L’ambition du CRC est d’« incarner une résistance, qui a d’abord été une résilience », jugent ses représentants. (©Y.M)

Mis en place l’an dernier en opposition aux émeutiers, le Collectif de résistance citoyenne ou CRC, émanation d’unités de voisins vigilants, s’estime aujourd’hui « renforcé » et « organisé ».

Les tricots frappés des trois lettres se sont rassemblés à Saint-Michel en soutien aux Mondoriens du sud ou encore à Poya pour marquer le désaccord face aux revendications foncières dont la famille Metzdorf a notamment été la cible.

Le groupe a aussi été aperçu, samedi 22 février, près de la croix de Lorraine à Nouméa pour l’accueil mouvementé du ministre des Outre-Mer, Manuel Valls, sous les drapeaux tricolores. Les affiches aux motifs sans équivoque sont repérées ici et là. Tout comme le sigle peint sur la route. Le CRC, pour Collectif de résistance citoyenne, est toujours en place, un an après l’éclatement des émeutes urbaines. « Tout peut arriver, surtout après l’échec des négociations » sur un projet d’accord institutionnel en « conclave » achevé mercredi 7 mai au soir à Deva, explique le porte-parole, Willy Gatuhau, ancien maire déchu de Païta. « On est organisés, on est prêts à réagir. » En l’occurrence, dresser des barrages, se défendre, se protéger. « Il faut qu’ils le sachent en face, ceux de la CCAT, c’est qu’il n’y aura plus jamais de 13 mai bis sans nous ».

Né en août 2024 sur la base de la coordination de voisins vigilants du Mont-Dore, de Païta et de Dumbéa, puis de Nouméa, le CRC recensait, au plus fort des exactions, entre 1 500 et 2 000 habitants actifs dans les quartiers et 230 référents, selon les représentants de la structure. Une entité qui n’a aucune existence juridique à ce stade, donc pas de carte d’adhérent, etc.

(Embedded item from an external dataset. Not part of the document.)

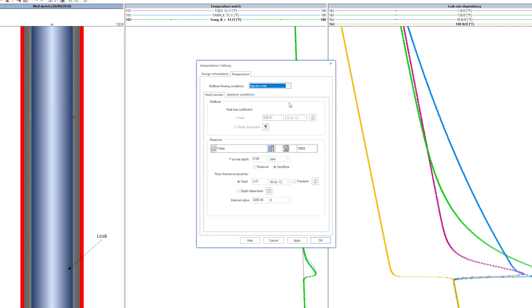This option simulates the typical leak detection survey procedure, where water is injected into the annulus, while the temperature is recorded through tubing. The heat loss coefficient and formation conductivity are defined as shown for the steam injection case.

Selon Willy Gatuhau, il y a aujourd’hui autant de membres qu’auparavant, sinon plus. La charte du CRC, publiée sur sa page d’un réseau social, expose des motivations très claires. Par exemple, « le CRC reste et est avant tout un collectif citoyen dont le but principal est de défendre notre volonté du maintien de la Nouvelle-Calédonie dans la France ». Ou encore « lutter contre toutes les formes d’injustice, d’oppression, liées de près ou de loin aux exactions de la CCAT et des indépendantistes ».

« VRAIMENT MALHEUREUX »

Lors de l’insurrection de mai 2024, le risque inhérent à l’utilisation d’armes à feu a naturellement été soulevé. À juste titre. Des faits dramatiques le démontrent. Et ce danger court toujours. D’après un rapport parlementaire publié en avril 2024, ce territoire de chasseurs compterait 100 000 armes en circulation, au total, c’est-à-dire déclarées, mais aussi détenues de manière illégale.

Le CRC prône, à la lecture de la charte, une « résistance pacifique » et « des actions non violentes ». Mais le risque de dérapage ou de riposte existe. En clair, des civils pourraient être tentés de sortir le fusil. « Ce serait vraiment malheureux, remarque le porte-parole de la structure. Nous ne sommes pas des fous, contrairement à ce que certains peuvent penser. Nous ne sommes pas des va-t-en-guerre. »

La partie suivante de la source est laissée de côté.